Inner Space Exploration

Most of the major discoveries in oceanography have occurred only within the last 50 years. We have found that while rocks and sediments on land are usually wiped away by weather and erosion, rocks and sediments on the seafloor are a well-preserved archive of information that allows us to unravel Earth’s geological processes and history. We have learned that oceans play a crucial role in driving and shaping Earth’s atmosphere and climate. We have discovered hydrothermal vents on mid-ocean ridge crests, which support previously unimagined ecosystems and exotic communities of life. Heat from the Earth’s interior, rather than the sun, supports these life forms, which may hold clues to the origin of life on Earth and possibly to life on other planetary bodies.

The oceans cover 71% of Earth’s surface, and so far we have only studied a very small percentage of the ocean floor and the global ocean. Many new discoveries await us as we use new instruments and deep submergence vehicles to explore “inner space” in the 21st century.

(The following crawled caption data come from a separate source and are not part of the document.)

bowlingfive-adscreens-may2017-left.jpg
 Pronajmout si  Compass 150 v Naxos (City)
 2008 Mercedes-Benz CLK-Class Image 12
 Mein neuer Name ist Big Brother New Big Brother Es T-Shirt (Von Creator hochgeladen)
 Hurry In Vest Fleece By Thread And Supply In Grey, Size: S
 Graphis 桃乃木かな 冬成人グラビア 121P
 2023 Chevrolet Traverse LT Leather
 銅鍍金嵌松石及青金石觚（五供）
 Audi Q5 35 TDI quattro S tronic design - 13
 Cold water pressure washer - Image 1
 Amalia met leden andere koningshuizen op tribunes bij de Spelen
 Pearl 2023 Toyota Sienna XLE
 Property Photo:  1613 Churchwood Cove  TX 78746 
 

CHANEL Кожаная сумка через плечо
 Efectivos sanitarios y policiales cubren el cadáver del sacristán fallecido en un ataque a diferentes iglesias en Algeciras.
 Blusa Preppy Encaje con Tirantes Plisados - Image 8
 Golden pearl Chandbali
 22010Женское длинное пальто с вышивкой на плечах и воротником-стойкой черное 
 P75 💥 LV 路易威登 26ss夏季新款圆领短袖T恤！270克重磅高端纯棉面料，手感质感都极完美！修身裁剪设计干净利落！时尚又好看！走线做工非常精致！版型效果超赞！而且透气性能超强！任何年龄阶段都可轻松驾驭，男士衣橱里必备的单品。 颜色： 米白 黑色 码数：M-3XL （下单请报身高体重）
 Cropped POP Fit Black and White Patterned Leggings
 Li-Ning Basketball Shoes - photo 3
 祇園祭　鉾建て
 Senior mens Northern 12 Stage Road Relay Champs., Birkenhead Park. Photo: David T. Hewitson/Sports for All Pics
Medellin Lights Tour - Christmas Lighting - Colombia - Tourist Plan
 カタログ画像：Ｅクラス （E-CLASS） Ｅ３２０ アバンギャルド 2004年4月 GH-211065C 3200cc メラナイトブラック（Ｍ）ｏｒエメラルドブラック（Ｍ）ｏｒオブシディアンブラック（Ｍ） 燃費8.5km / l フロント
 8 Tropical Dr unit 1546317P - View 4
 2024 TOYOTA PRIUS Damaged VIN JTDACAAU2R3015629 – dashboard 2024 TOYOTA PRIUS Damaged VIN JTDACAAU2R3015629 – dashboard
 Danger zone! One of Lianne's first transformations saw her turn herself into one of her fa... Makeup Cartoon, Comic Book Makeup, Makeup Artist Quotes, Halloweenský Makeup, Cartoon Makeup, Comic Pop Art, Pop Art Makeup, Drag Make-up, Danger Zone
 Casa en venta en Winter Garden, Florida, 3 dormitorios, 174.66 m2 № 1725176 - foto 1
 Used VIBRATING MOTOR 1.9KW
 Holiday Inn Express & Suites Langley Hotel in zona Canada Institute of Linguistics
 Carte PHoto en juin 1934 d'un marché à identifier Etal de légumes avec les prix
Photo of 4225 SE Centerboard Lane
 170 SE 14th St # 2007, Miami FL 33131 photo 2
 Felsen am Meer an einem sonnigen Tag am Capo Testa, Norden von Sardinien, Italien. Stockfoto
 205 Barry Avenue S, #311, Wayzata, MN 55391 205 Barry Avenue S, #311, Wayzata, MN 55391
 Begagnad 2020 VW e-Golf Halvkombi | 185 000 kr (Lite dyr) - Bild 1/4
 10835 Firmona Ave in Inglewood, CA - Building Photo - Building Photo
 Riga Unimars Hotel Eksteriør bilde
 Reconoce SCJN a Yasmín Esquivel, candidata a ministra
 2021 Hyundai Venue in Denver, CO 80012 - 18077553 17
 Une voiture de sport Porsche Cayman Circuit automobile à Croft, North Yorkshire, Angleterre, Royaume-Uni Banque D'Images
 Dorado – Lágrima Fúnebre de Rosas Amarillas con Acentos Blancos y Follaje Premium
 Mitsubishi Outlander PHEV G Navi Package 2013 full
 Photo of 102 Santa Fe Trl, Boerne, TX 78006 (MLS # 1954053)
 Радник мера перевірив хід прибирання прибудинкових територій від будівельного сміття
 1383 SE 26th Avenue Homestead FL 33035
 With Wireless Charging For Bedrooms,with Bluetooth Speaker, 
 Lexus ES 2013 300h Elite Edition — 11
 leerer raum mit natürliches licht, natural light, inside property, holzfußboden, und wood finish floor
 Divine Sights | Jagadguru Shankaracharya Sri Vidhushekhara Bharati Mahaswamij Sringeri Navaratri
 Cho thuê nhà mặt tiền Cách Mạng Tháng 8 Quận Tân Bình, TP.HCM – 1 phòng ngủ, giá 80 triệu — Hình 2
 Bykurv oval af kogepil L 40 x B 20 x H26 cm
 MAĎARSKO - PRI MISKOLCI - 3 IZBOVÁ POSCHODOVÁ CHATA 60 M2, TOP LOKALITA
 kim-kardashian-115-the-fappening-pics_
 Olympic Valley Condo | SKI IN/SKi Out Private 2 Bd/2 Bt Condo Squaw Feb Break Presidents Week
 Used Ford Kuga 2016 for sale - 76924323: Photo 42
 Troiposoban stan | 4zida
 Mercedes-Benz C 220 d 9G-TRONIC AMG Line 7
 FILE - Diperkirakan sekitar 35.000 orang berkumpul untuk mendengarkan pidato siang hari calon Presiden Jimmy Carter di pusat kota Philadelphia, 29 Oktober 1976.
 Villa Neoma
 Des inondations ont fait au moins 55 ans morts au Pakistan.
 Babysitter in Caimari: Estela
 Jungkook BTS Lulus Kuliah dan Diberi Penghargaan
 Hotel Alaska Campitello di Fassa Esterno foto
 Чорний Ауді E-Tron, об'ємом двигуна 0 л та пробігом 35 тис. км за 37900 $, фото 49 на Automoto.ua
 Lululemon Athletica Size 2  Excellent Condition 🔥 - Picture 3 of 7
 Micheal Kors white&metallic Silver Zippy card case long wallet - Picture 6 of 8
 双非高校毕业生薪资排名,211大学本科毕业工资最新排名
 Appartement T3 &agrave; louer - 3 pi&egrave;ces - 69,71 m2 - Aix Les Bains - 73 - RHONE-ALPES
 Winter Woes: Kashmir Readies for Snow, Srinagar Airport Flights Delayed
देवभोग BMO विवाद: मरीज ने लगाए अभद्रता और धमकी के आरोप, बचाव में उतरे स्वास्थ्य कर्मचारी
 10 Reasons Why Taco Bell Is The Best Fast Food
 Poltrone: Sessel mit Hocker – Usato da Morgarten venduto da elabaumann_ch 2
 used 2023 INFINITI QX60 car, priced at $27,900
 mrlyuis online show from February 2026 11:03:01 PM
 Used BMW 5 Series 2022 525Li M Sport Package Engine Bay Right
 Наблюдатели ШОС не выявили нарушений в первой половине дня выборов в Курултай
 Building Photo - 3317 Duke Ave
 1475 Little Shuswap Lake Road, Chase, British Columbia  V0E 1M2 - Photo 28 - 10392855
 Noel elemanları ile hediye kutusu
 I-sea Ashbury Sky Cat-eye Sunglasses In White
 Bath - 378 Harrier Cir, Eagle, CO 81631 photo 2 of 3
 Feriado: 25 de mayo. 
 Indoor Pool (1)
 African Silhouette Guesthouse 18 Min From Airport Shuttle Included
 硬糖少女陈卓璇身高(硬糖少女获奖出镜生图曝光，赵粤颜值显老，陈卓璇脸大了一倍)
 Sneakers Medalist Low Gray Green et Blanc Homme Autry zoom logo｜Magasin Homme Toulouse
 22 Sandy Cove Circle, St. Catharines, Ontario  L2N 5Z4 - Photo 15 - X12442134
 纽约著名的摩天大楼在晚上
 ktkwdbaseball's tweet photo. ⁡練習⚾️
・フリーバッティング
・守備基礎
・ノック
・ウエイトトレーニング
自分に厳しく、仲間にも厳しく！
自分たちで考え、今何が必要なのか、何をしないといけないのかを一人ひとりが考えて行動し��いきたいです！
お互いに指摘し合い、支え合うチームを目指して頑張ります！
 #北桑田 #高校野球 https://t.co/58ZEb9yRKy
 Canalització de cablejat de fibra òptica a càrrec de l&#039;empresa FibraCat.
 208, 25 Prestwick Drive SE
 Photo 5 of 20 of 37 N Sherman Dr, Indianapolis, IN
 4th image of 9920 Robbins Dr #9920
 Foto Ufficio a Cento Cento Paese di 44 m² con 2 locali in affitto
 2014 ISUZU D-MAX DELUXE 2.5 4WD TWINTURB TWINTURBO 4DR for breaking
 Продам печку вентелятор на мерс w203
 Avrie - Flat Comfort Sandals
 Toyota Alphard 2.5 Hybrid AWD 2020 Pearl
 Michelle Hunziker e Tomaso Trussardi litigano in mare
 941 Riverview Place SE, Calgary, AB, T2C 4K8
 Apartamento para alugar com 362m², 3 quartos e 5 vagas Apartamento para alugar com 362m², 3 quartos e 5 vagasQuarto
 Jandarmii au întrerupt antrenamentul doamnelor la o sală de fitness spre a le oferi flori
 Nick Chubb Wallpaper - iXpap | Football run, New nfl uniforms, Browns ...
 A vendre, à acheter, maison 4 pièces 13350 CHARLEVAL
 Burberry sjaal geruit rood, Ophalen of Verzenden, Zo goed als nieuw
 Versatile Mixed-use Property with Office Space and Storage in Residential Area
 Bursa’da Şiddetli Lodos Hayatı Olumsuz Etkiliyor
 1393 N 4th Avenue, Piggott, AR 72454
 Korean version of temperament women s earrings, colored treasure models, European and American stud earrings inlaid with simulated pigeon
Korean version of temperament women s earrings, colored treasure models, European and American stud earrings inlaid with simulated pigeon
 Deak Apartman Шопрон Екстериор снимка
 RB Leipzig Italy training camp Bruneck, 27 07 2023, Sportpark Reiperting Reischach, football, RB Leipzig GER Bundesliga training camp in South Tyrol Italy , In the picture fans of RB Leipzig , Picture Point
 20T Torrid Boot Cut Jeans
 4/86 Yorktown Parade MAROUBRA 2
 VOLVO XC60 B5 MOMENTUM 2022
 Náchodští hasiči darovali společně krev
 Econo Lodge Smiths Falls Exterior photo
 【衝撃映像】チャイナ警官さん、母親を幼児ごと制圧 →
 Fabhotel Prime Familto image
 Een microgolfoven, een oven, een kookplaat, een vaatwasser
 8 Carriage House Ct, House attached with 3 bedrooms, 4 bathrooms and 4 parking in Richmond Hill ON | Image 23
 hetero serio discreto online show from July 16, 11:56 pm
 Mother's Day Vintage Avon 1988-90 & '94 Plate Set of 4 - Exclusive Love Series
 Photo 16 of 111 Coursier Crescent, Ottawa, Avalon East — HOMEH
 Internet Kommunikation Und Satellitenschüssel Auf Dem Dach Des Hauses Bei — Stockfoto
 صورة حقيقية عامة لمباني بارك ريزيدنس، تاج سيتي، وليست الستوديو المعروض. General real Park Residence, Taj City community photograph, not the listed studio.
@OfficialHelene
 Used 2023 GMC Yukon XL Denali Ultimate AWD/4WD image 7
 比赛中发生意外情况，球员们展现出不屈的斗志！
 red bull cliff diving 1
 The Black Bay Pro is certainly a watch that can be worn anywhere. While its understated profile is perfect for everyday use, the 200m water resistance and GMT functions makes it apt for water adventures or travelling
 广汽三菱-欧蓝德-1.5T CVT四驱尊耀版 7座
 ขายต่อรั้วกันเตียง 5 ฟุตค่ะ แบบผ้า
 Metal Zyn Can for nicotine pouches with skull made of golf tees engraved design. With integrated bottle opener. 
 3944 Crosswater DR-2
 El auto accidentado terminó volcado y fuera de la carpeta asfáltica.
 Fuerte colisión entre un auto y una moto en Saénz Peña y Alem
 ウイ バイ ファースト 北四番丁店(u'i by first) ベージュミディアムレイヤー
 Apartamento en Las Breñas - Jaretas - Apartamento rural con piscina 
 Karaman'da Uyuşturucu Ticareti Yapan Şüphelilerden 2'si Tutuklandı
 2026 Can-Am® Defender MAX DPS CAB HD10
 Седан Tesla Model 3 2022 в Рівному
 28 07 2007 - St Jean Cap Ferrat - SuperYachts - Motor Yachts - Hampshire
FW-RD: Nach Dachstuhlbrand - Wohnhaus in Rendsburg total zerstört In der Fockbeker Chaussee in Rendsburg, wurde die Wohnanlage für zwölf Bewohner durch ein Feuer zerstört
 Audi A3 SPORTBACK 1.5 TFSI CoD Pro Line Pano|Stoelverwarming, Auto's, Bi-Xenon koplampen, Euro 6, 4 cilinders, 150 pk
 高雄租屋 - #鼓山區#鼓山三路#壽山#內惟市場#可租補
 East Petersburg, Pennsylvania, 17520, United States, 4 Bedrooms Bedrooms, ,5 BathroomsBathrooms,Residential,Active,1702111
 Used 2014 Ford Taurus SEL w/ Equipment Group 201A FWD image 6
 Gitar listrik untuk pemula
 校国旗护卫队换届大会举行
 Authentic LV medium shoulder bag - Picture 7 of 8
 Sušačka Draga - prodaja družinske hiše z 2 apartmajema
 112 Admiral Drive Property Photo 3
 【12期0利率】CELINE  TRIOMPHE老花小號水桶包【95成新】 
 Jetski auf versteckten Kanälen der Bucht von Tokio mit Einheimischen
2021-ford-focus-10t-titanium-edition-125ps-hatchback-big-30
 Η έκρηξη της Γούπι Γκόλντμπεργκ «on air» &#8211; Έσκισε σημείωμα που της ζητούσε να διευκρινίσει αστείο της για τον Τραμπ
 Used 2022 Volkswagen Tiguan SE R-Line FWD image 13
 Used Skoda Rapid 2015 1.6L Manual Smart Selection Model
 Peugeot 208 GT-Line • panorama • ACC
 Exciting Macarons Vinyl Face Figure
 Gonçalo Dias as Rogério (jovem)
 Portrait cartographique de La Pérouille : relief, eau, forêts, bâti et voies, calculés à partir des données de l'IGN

In the future, oceanographers want to go beyond learning what’s down there in the ocean and learn what’s going on down there. They want to observe oceans processes that change over days, weeks, seasons, years or decades. But it is difficult and expensive to send research ships back to the same sites for repeat measurement. Sometimes rough seas and stormy weather make it impossible to send ships to certain parts of the oceans at certain times.

Today oceanographers are launching a new era of ocean exploration. They want to establish long-term ocean floor observatories with arrays of sensors and instruments that make continuous measurements of various ocean properties and events. Data from the observatories will be sent to shored-based laboratories via submerged fiber-optic cables or via cables linked to moored buoys that can transmit data via satellite. The data can then be made available via the Internet.

Oceanographers will use different types of remotely operated vehicles (ROVs) and autonomous underwater vehicles (AUVs) that can “fly” in the oceans or along the seafloor, collecting measurements. The data can be downloaded when the AUVs surface, or when they dock at an underwater docking site and download data there. Oceanographers are also developing instrumented buoys moored thousands of miles from shore, and free-floating drifting instruments that can transmit data to scientists in their laboratories using satellites and the Internet.

Ocean observatories will greatly extend oceanographers’ reach, allowing scientists to make more measurements over larger areas of the oceans over longer periods of time.